When evaluating a candidate source for generic use or for specific jobs, here are a few things to evaluate:
1. The candidate pool
What the candidate pool looks like that you’d be drawing from.
Ask the candidate source provider for details about their candidate pool. Ask for facets like:
Size of the active candidate pool: how many users/candidates/contacts do they have
Demographics: are they candidates representing the groups you want to engage
Geography: are the candidates where you need them to be
Roles/experience/industry: will the candidates meet your needs
2. The candidate sources
Where the candidate pool comes from. In other words, how is the candidate source building its candidate pool that it is offering to you?
Find sources that offer candidates you don’t already have access to through your existing sources. Offerings that post to the same job boards you are already using or draws from educational institutions you already engage with are not going to add value to your candidate pipeline.
Ask the candidate source provider:
Where are the candidates coming from?
How do you maintain and cultivate your candidate pool?
How do you maintain quality and quantity of your candidates?
Organizations that can’t clearly explain the answers to those questions are either hiding something, or don’t really know.
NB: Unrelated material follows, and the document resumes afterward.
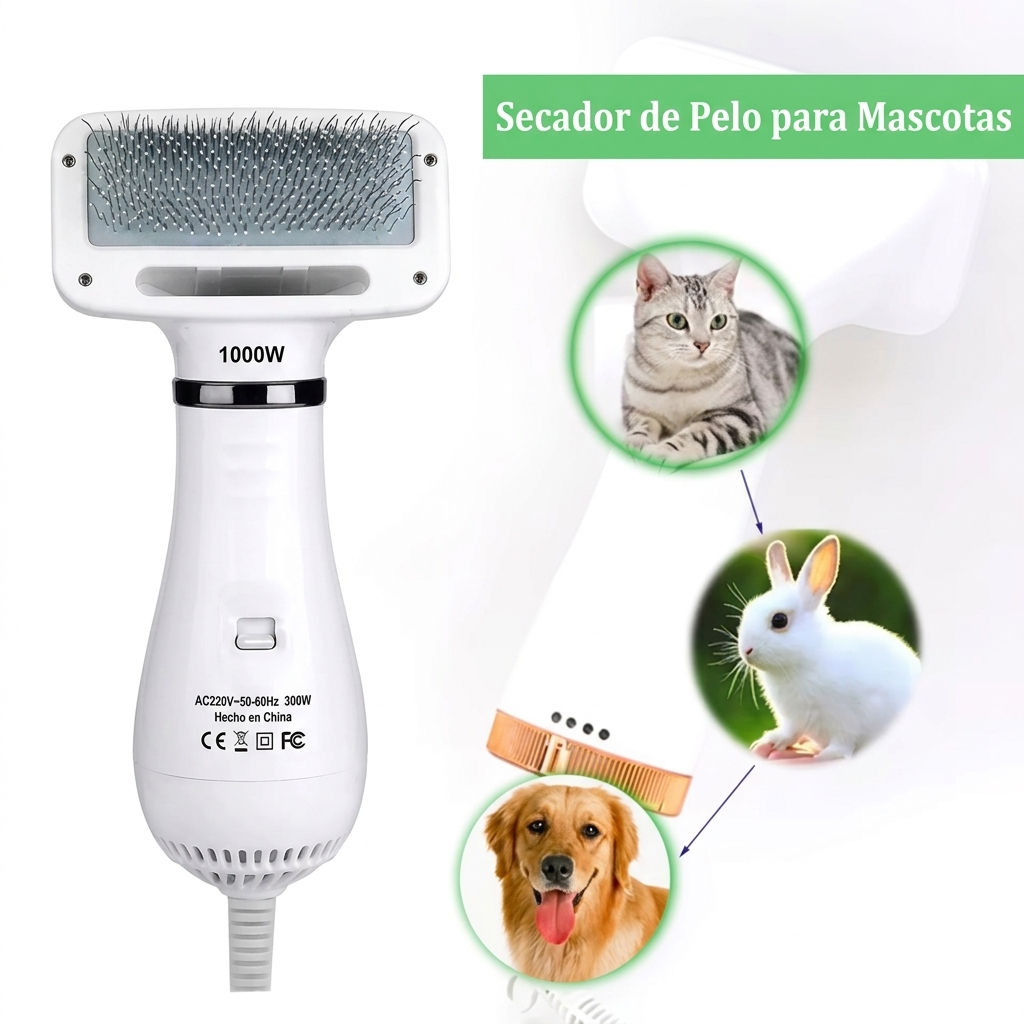 Cepillo Secador 2 en 1 para Mascotas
And if they don’t know, they don’t have control to cultivate or improve that pool.
3. The differentiation
Why this candidate source is different from all the rest. There are thousands of candidate source providers in the US alone. From huge job boards and massive recruiting organizations, to community centers and college placement offices, and specialty associations. Understanding what differentiates them will give you a sense of what they prioritize and how they run their business.
Ask the candidate source provider what differentiates them from everyone else and how they drive that differentiation in their business.
Look for organizations that are aligned with what you need to meet your goals – quality, speed, quantity, diversity, experience, etc.
4. The performance
How well the candidate source works. Candidate pools aren’t worth anything if the candidates don’t apply for your jobs.
Ask the candidate source provider about the performance for typical jobs and specific jobs like yours. Look for facets like:
Number of candidates that apply to the job
Number of candidates that are hired
Time it takes from post to apply
Time it takes from post to fill
Metrics like these are affected by a number of variables including time of year, type of job, industry, salary, etc. For the best insights, ask for examples that cover multiple times of year and that align with your jobs or ask for averages that represent a wide range of jobs.
5. The experience
How the candidates experience the process. When a candidate applies to your job, the candidate will attribute the experience to you. They don’t care that the rude automated message or no message at all was the fault of the candidate source provider, they will blame you.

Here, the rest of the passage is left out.